WHAT TO DO: Each line below from the line with "Karl Heinrich Lämmel" to the line with "More Photos Of" must be copied exactly, including those two, and no picture may appear in the copy.

INFORMATION SHOWN:
====

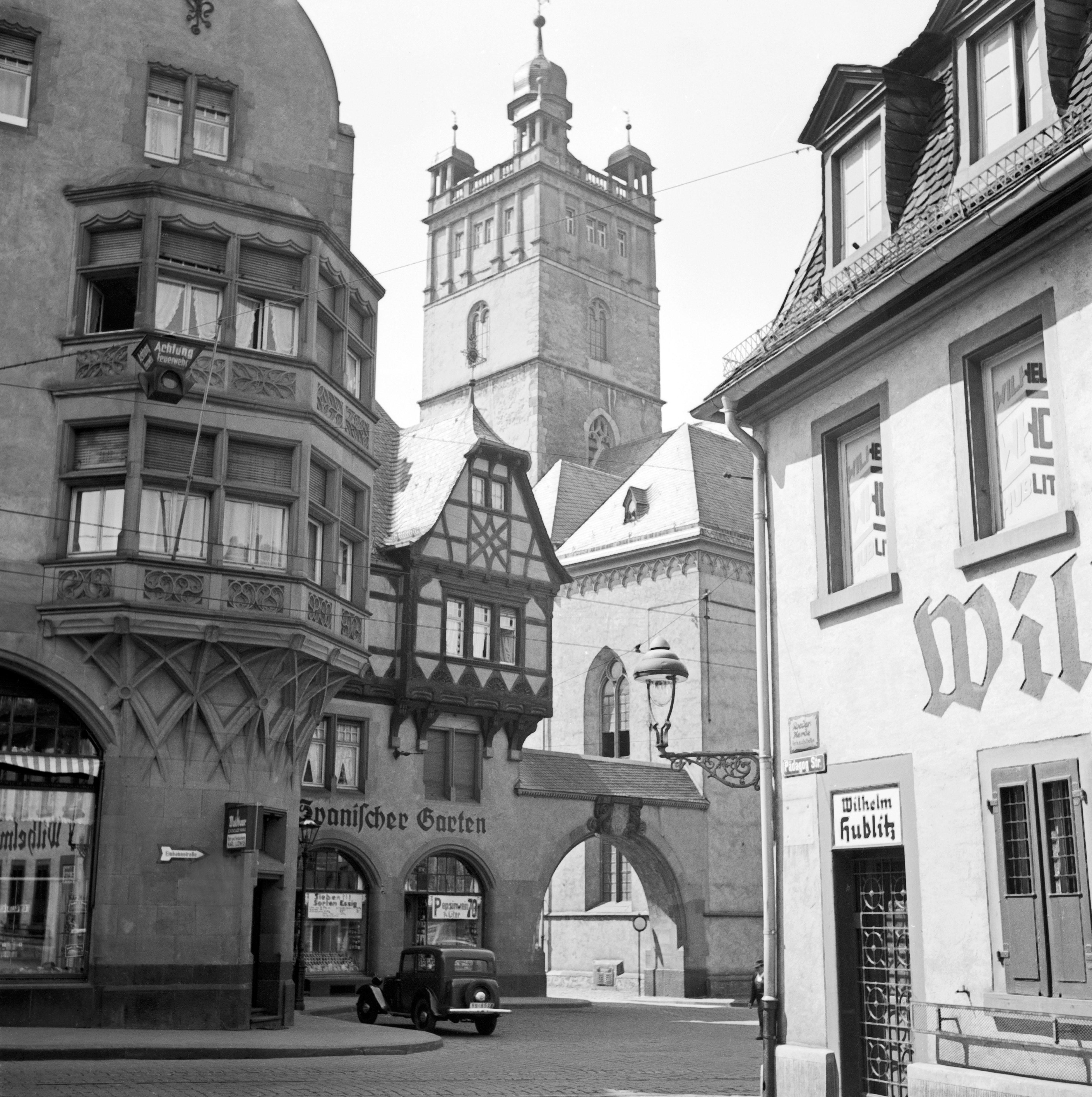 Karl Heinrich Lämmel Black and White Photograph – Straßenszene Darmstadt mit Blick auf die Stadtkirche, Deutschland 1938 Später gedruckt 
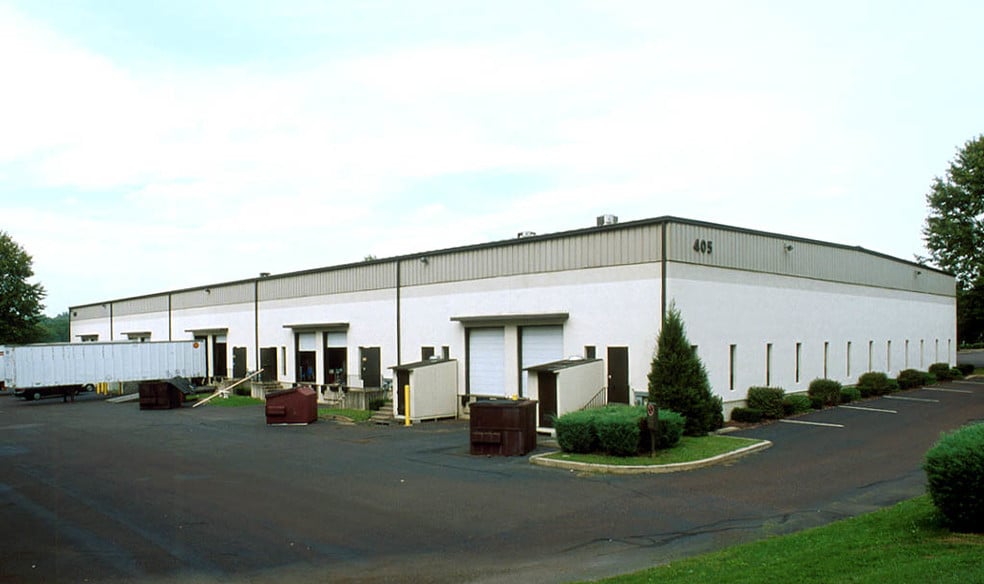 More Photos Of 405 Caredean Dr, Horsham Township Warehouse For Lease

====

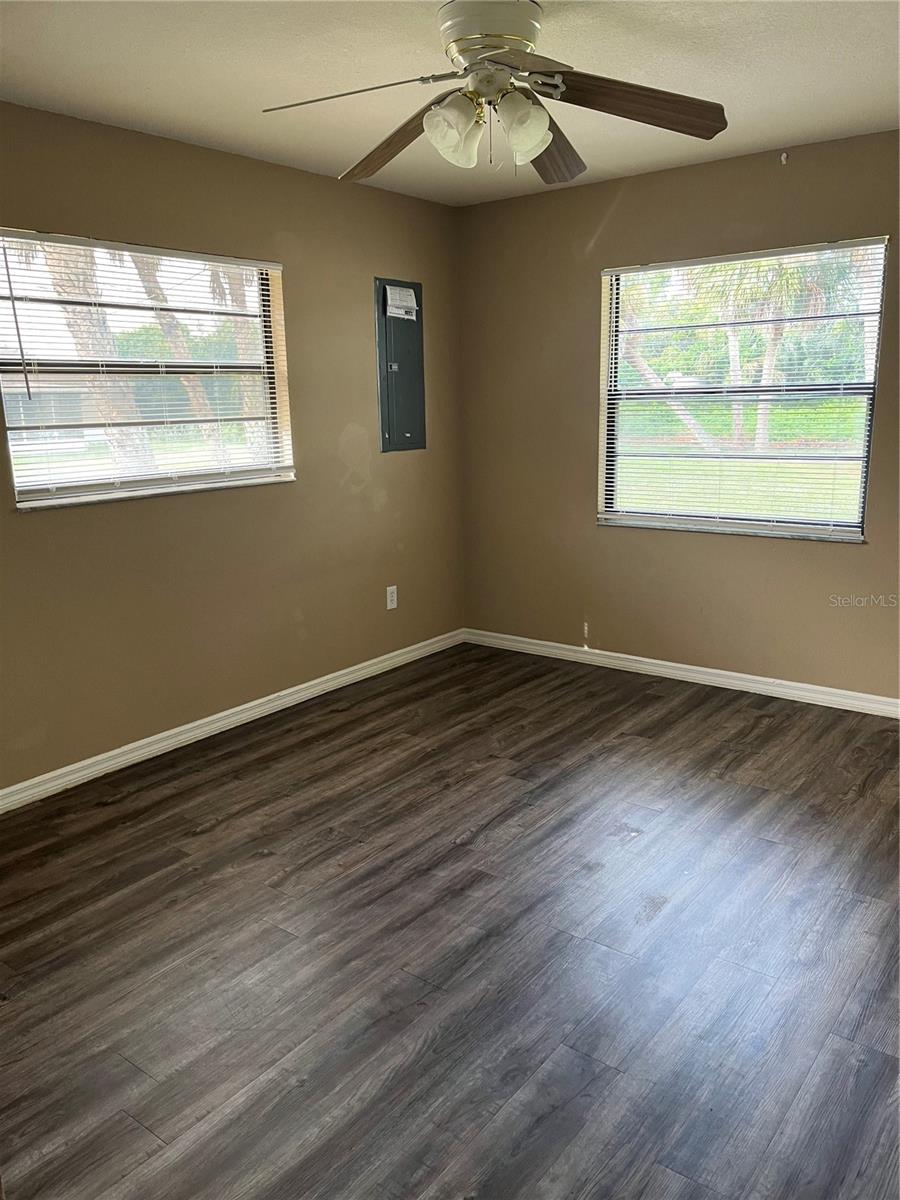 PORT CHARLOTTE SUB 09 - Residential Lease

====

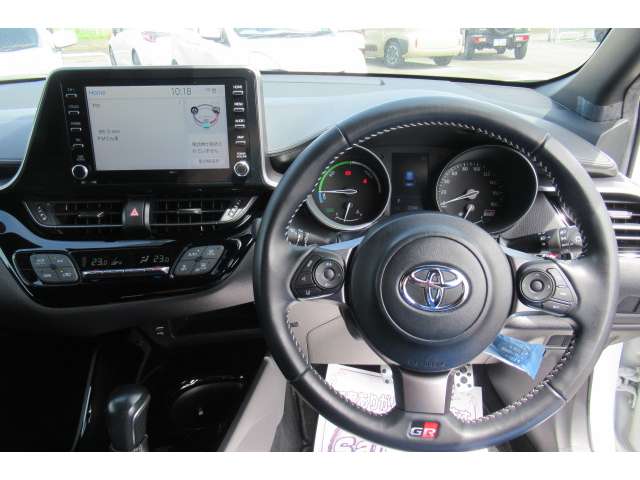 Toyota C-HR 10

====

PROBLEM SOLUTION:
 Karl Heinrich Lämmel Black and White Photograph – Straßenszene Darmstadt mit Blick auf die Stadtkirche, Deutschland 1938 Später gedruckt 
 More Photos Of 405 Caredean Dr, Horsham Township Warehouse For Lease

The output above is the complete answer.